On their new disc, they take up a 20th-century classic, Bartók’s String Quartet No 4, and two striking recent works requiring similarly scrupulous attention to expressive extremity.
In a curious and welcome departure, the recording contains two performances of Gunther Schuller’s String Quartet No 4 – one in concert and the next captured in the studio. The juxtaposition lets the listener go beneath the surface of Schuller’s invigorating and moody writing, with its homages to Mozart and Beethoven, and plunge into a brooding and vehement sound world redolent of Bartók (minus the folk inspiration). Both performances are gripping, but the slightly more spacious studio version heightens Schuller’s masterful musical suspense.
The Borromeo players achieve the special balancing act of patience and ferocity in Mohammed Fairouz’s Lamentation and Satire, an intensely felt score in which the instruments engage in compelling duos, a fugue of doleful urgency and a farewell utterly bereft of hope.
The disc begins with the Bartók, a piece that remains jolting almost 85 years after its creation.
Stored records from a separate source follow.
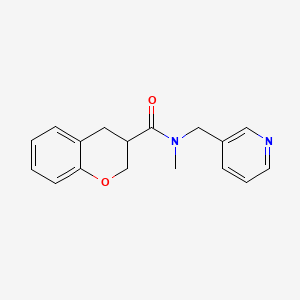molecular formula C17H18N2O2 B7516031 N-methyl-N-(pyridin-3-ylmethyl)-3,4-dihydro-2H-chromene-3-carboxamide 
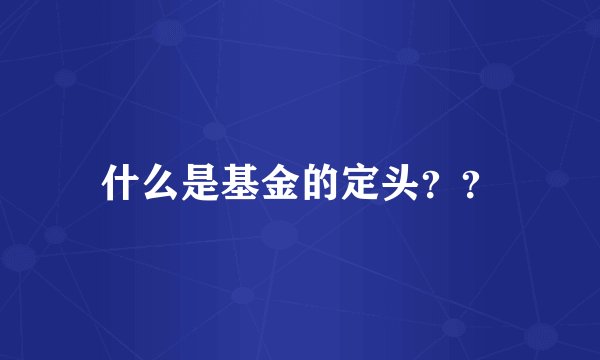 什么是基金的定头？？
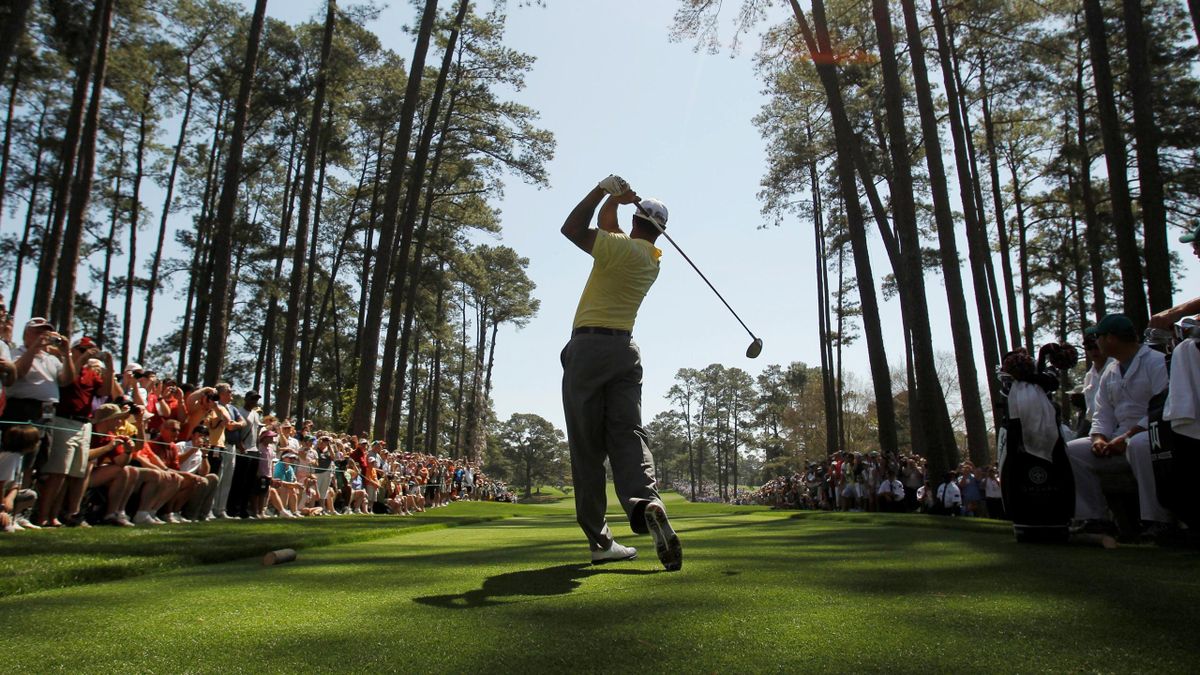 GOLF Tiger Woods hits a tee shot on the 17th ahead of the Masters at Augusta National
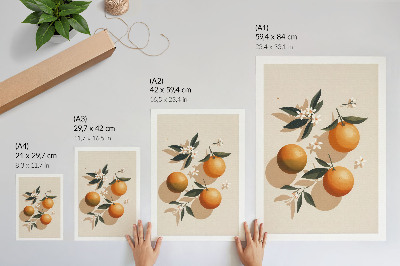 Premium stenski plakat Sočne pomaranče, zeleni listi, beli cvetovi
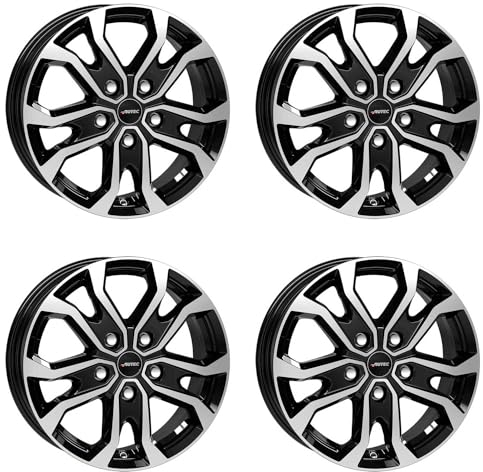 4x AUTEC Felgen Alufelgen KISO 6.5x16 ET66 5x130 Schwarz poliert kompatibel mit Fiat Ducato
The music requires the utmost concentration if the intricate rhythmic figures and eerie effects are to seize the ears. The Borromeo do so through painstaking adherence to dynamics, accents, texture, syncopations over the bar and telepathic interplay. As played by this brilliant ensemble, the Bartók is an exhilarating expedition that sets the scene for the bold journeys to come in the Schuller and Fairouz works.